-------- GIVEN RECORDS --------

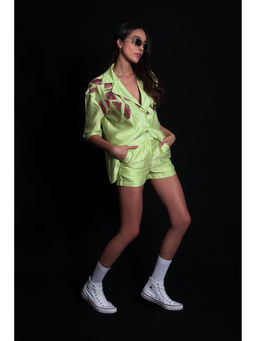 Seesa - Daiquiri Green Chanderi Silk Shorts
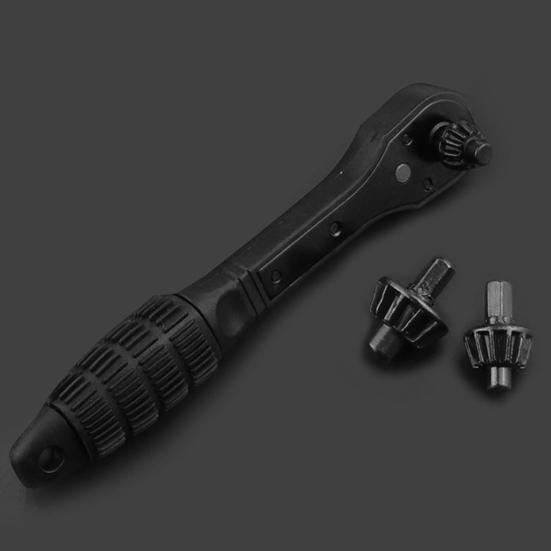 Ratchet Drill Chuck Key Wrench Anti-Slip Handle Ergonomic Multipurpose Universal Double Head Drill Press Chuck Key Mini Ratchet Spanner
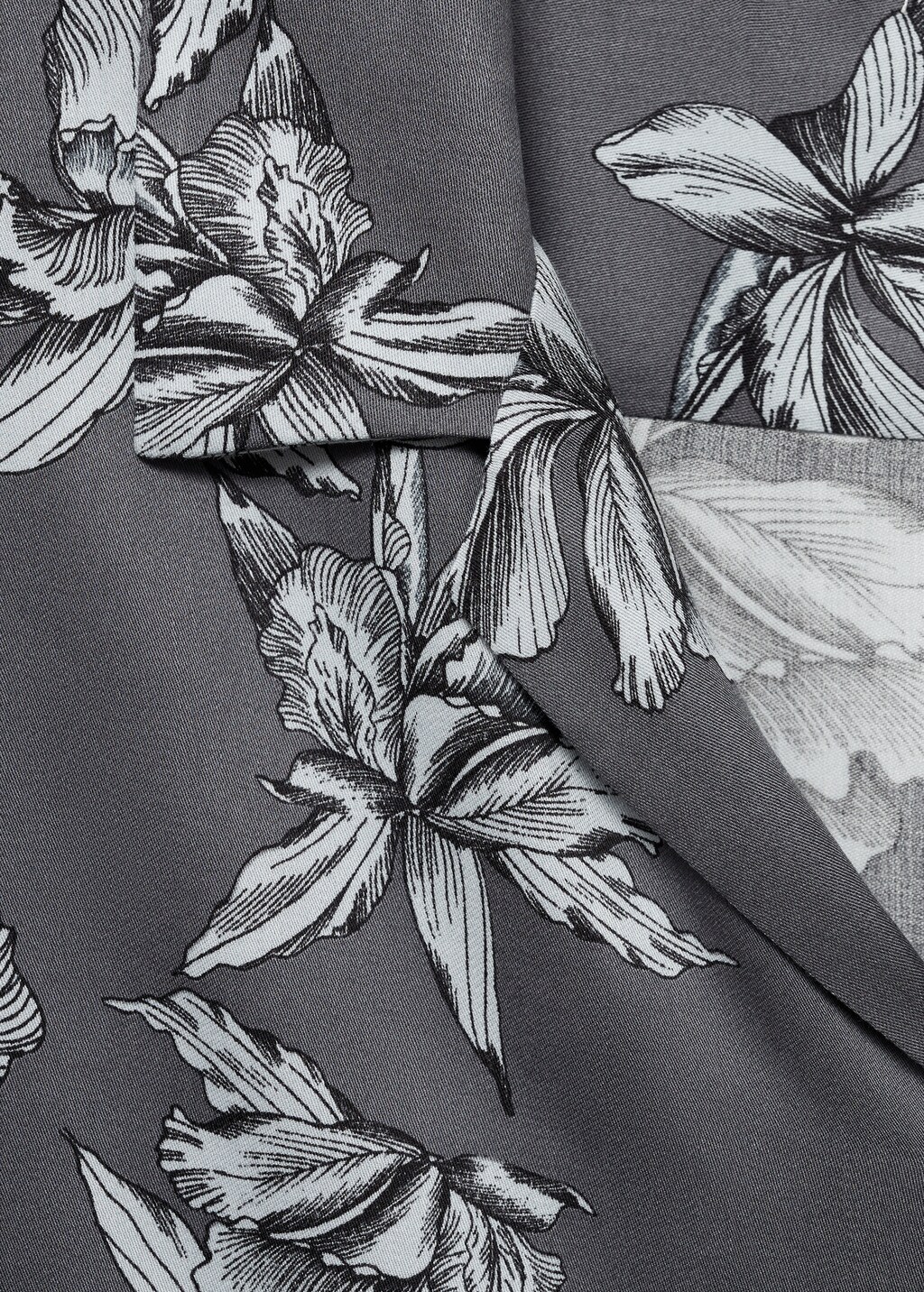 Regular-fit Hawaiian-print shirt - Charcoal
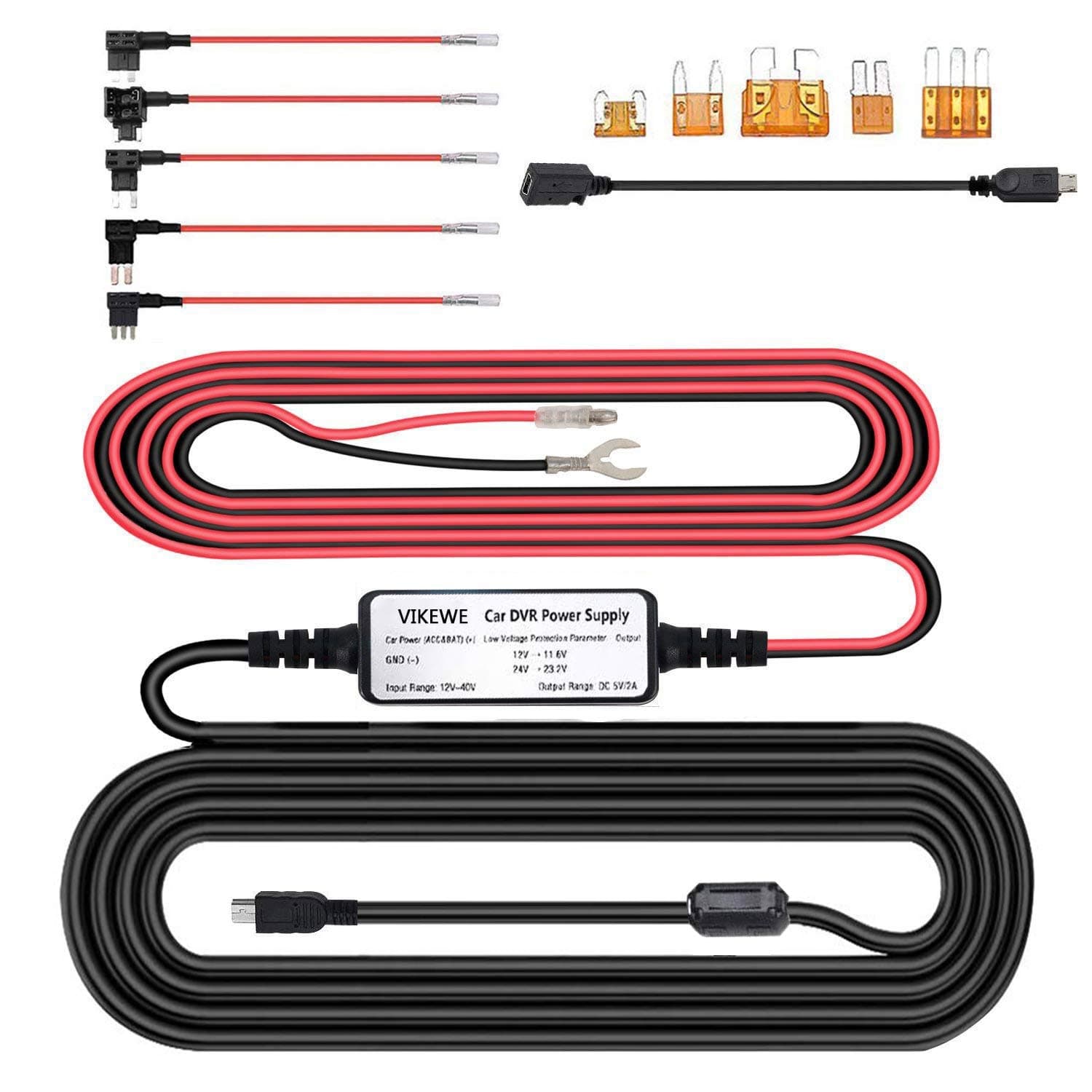 VIKEWE Dash Cam Hardwire Kit with Mini and Micro USB Port, 4m Car Charger Cable 12V-24V to 5V, Battery Drain Protection, 5 Fuse Kit with ACU/ACN/ACZ/Micro2/Micro3 for Dash Cam, GPS Navigator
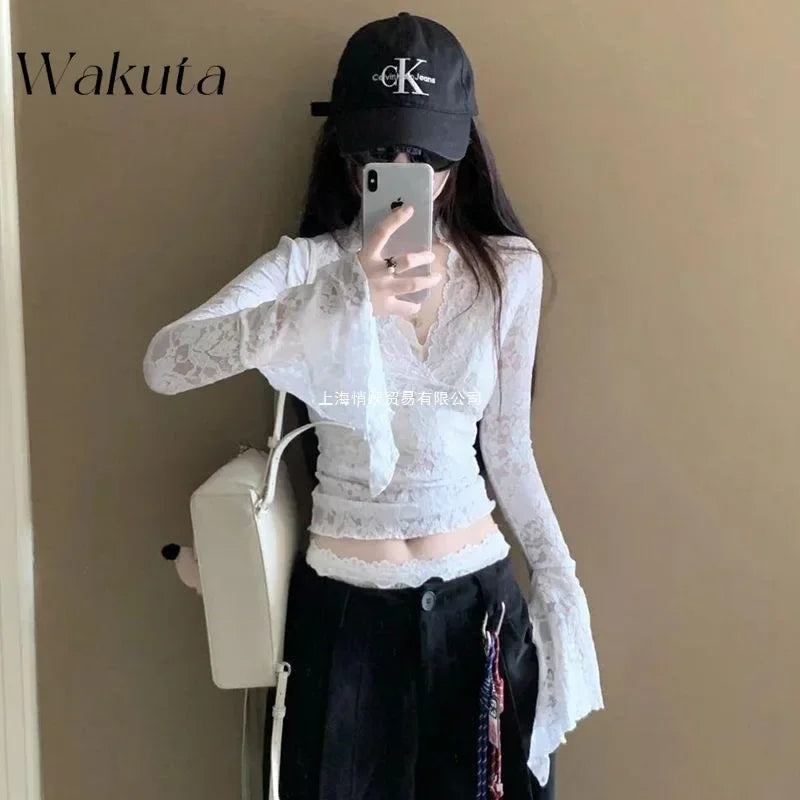 WAKUTA Sexy Lace Shirt V-neck Long-sleeved Outwear Tops Fall Short Tight Design Pure Desire Hottie Inner Pullovers Кофта Женская Purplish Diva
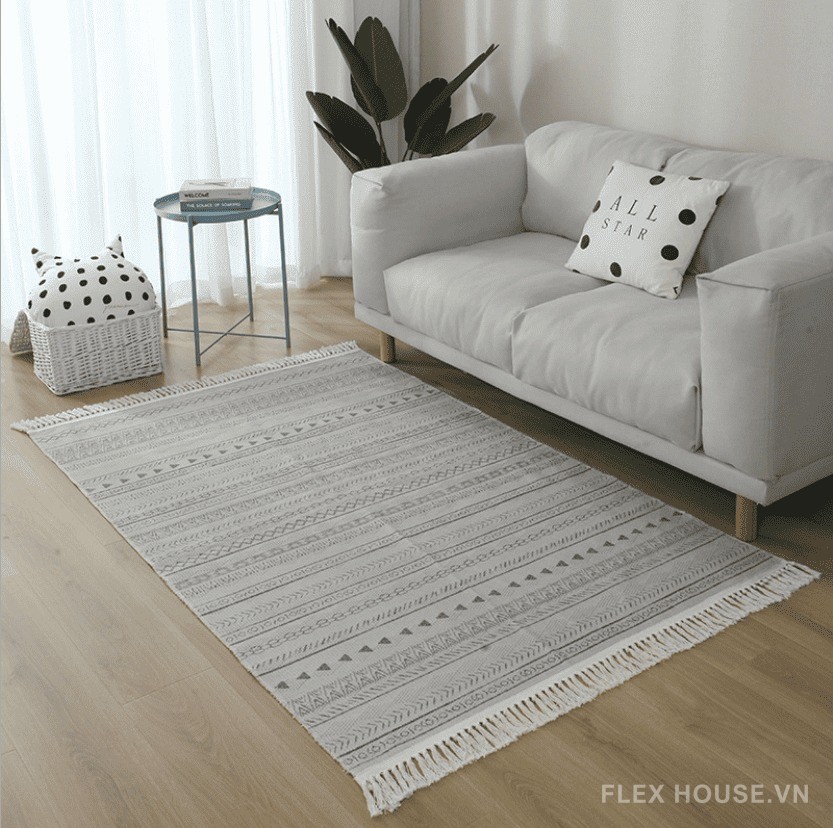 Thảm trải sàn phòng khách cotton linen Nhật AJC002 9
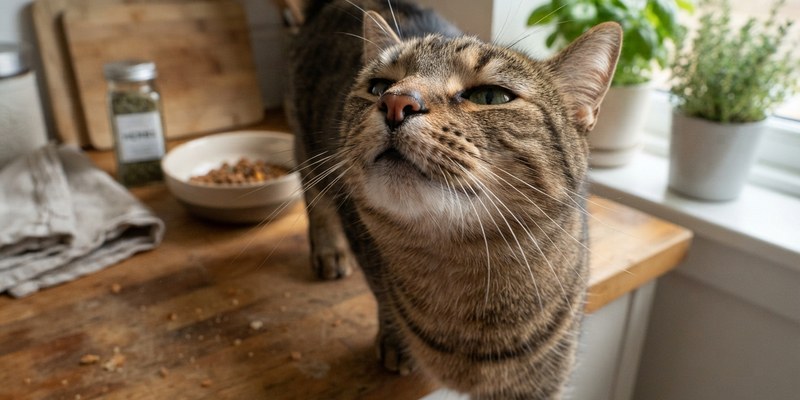 cat nose sniffing air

--------

■ DESCRIPTION OF THE TASK
Look back over the records above. Reproduce exactly everything from the line with "Ratchet Drill Chuck" down to the line with "VIKEWE Dash Cam", inclusive, and leave the pictures out.

■ OUTPUT
 Ratchet Drill Chuck Key Wrench Anti-Slip Handle Ergonomic Multipurpose Universal Double Head Drill Press Chuck Key Mini Ratchet Spanner
 Regular-fit Hawaiian-print shirt - Charcoal
 VIKEWE Dash Cam Hardwire Kit with Mini and Micro USB Port, 4m Car Charger Cable 12V-24V to 5V, Battery Drain Protection, 5 Fuse Kit with ACU/ACN/ACZ/Micro2/Micro3 for Dash Cam, GPS Navigator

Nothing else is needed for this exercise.